LTV is the metric most likely to get a senior data person fired, in either direction. Report a number that’s too high and the company over-spends on CAC for two quarters before anyone notices the cohort isn’t paying back. Report a number that’s too low and finance approves a smaller marketing budget than the business can absorb, and a competitor takes the share. Both happen routinely, and both come from the same root cause: LTV is treated as one number when it’s really a model with assumptions.

In This Article

  1. Two ways LTV breaks
  2. Lifetime is the area under the retention curve
  3. Linearizing the fit
  4. The full query
  5. Reference numbers, not your numbers
  6. When the power fit doesn’t fit
  7. More defensible variants
  8. Mistakes we still see
  9. Modern tooling notes
  10. Checklist
  11. Further reading

This is the working LTV approach we use on consulting engagements when a board is asking “what’s our LTV” and the answer in the deck is wrong. It walks from the naive formula every analyst writes first, through the regression-fit version that survives auditing, to the predictive variants that finance teams actually accept. All of it in SQL, with PostgreSQL as the primary dialect because its regression aggregates make the math clean.

Two ways LTV breaks

The naive formula is ARPU × average customer tenure. It produces a single number that looks credible on a slide. It also has two specific failure modes that show up in every engagement:

Failure mode 1: ARPU is a moving target. ARPU computed over the whole user base is biased toward whatever your highest-revenue cohort happens to be doing this month. ARPU computed per cohort and averaged is fine in principle but underweights recent cohorts that haven’t matured yet. ARPU computed from a sample of long-tenured users is the most defensible, and the least intuitive.
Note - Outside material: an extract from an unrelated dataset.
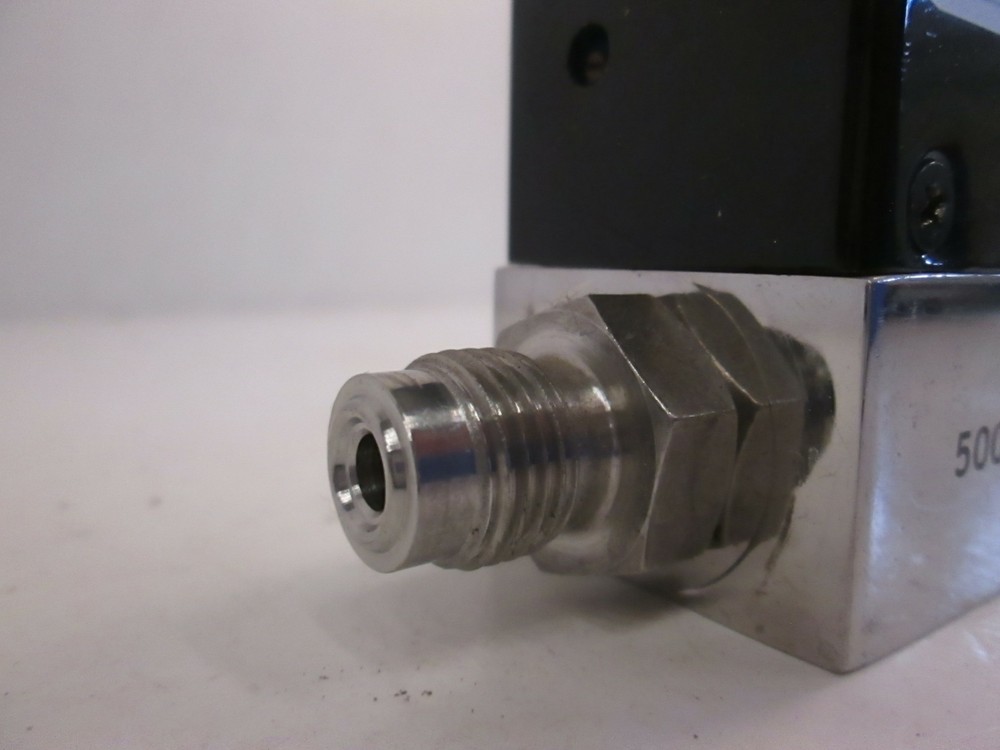 Unit UFC-1020A Mass Flow Controller MFC, O2, 10 SLM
Failure mode 2: Average tenure undercounts the tail. Most analytics products average tenure over churned users only, which means anyone still active counts as zero. A “1.4-month average tenure” computed this way is wrong by a factor of two for any product where the tail matters. The fix is to integrate under the retention curve, not to average a survival time.

The rest of this article is the second fix, done in SQL.

Lifetime is the area under the retention curve

If retention on day N is the fraction of a cohort still active on day N, the lifetime of a typical user is the integral of that curve from day 0 to whatever horizon you care about (30, 90, 180, 365 days). LTV is then lifetime × revenue per active user per day (ARPDAU). The single number splits into two factors that can be measured independently, and that’s the whole reason this version is more defensible.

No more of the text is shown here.